Leonard Bast, 20 years old when the novel begins, like so many young men after the Industrial Revolution, has come to London from the countryside for work. He works as a clerk at an insurance company, which barely makes him enough to survive, and marries Jacky, a former prostitute, despite his family's objections. In the novel, Mr. Bast represents the lower classes, the terrible struggles they face, and the chasm that divides the rich and poor. Mr. Bast aspires to more than the day-to-day monotony he faces in the city. Inspired by books and music, he longs to experience the poetry, adventure, and freedom to be found in the beauty of nature. To talk about the ideas and books with the Schlegel sisters, who he looks up to as cultural role models, is thrilling to him. He is wracked with guilt after sleeping with Helen, as though he had spoiled a work of art. Mr. Bast is conscientious even in his despair, when he rejects an offer of money from Helen and is reduced to begging his family for money in order to keep him and Jacky from starving. It is his desire to confess his mistake with Helen to Margaret that leads to his death, when circumstances lead him to cross paths with Charles Wilcox.

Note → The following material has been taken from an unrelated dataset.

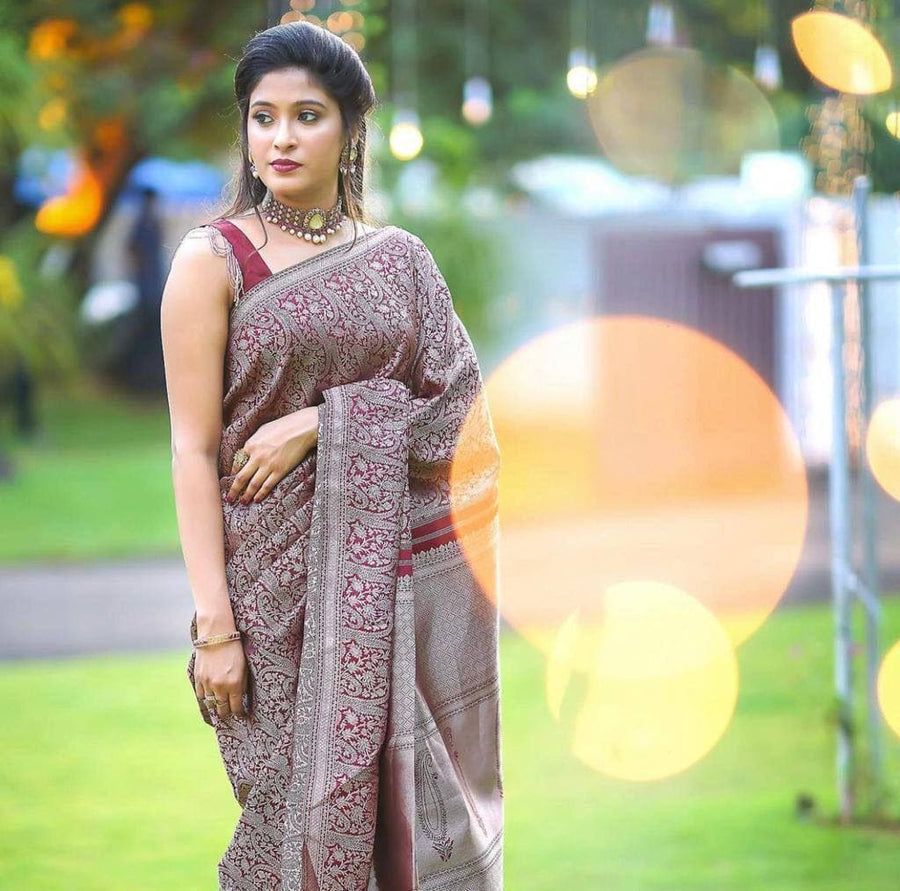 Admirable Dark Maroon Soft Banarasi  Silk Saree With Stylish Blouse Pi - Shop authentic Indian Women's Fashion by Silk Folks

Helen Schlegel, a vivacious young woman of independent means, embraces life and enjoys cultural and intellectual pursuits, prizing them above almost anything else. She passionately defends her convictions and is easily moved, whether by art or social injustice. Like her brother and sister, she is somewhat insulated by her comfortable lifestyle, but is open to exploring the social realities of others who aren't so lucky. When the Basts are starving, it is Helen who steps in to offer them food and money. Helen values the inner life, also known as the "unseen." This is the world of ideas and imagination that art and culture represent. She and her siblings are half-German and half-English. They benefit from their late father's European education and tastes, which broadened their exposure to culture. Helen's love of the "inner life" and "the unseen," however, makes her idealistic, and sometimes inflexible or rash. She is willing to step forward to right a wrong, as in Mr. Bast's case, but may go about it in a headstrong way that is less helpful than she intends. Life experience, including an unexpected pregnancy, tempers her impulse to go to extremes and broadens her empathy and self-awareness by the end of the novel.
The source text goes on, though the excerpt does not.